- EXERCISE DESCRIPTION: Write out, word for word, every line in the data below from the one containing "Jet Fish Exkluzívna esencia, Pečeň 20 ml" to the one containing "广州16年福特蒙迪欧1", both of them included.

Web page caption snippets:
• • •
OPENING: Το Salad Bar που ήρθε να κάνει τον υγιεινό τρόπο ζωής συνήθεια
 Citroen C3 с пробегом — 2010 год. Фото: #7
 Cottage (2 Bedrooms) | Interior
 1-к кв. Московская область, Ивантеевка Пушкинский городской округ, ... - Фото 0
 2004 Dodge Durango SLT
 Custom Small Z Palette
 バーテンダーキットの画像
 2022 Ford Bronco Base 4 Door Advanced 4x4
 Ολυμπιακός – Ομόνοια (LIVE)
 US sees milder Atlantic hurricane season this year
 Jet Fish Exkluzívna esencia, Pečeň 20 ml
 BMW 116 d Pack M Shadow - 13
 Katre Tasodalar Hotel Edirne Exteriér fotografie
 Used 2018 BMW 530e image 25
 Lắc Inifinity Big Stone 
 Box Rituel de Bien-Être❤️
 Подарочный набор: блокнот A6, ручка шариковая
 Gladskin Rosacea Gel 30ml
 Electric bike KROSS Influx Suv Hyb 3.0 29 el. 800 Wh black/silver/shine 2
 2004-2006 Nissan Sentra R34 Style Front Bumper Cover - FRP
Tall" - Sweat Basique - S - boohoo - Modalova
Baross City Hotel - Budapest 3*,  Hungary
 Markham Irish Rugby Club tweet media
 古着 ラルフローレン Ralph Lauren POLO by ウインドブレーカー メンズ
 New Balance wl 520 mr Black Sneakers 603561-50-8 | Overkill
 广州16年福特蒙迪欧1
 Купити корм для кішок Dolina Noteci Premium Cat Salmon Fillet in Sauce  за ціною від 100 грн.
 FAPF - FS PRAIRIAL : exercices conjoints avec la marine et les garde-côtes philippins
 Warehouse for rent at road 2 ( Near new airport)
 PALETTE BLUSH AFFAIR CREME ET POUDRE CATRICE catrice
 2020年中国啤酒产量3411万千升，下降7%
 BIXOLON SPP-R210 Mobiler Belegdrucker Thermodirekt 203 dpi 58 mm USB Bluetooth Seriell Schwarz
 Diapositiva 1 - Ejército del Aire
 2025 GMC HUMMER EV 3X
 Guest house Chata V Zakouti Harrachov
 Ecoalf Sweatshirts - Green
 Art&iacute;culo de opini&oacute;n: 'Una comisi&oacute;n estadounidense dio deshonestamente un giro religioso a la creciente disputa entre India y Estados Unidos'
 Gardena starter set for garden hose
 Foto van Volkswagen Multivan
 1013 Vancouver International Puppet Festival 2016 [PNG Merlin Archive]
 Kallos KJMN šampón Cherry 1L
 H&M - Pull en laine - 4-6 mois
• • •
- THE ANSWER:
 Jet Fish Exkluzívna esencia, Pečeň 20 ml
 BMW 116 d Pack M Shadow - 13
 Katre Tasodalar Hotel Edirne Exteriér fotografie
 Used 2018 BMW 530e image 25
 Lắc Inifinity Big Stone 
 Box Rituel de Bien-Être❤️
 Подарочный набор: блокнот A6, ручка шариковая
 Gladskin Rosacea Gel 30ml
 Electric bike KROSS Influx Suv Hyb 3.0 29 el. 800 Wh black/silver/shine 2
 2004-2006 Nissan Sentra R34 Style Front Bumper Cover - FRP
Tall" - Sweat Basique - S - boohoo - Modalova
Baross City Hotel - Budapest 3*,  Hungary
 Markham Irish Rugby Club tweet media
 古着 ラルフローレン Ralph Lauren POLO by ウインドブレーカー メンズ
 New Balance wl 520 mr Black Sneakers 603561-50-8 | Overkill
 广州16年福特蒙迪欧1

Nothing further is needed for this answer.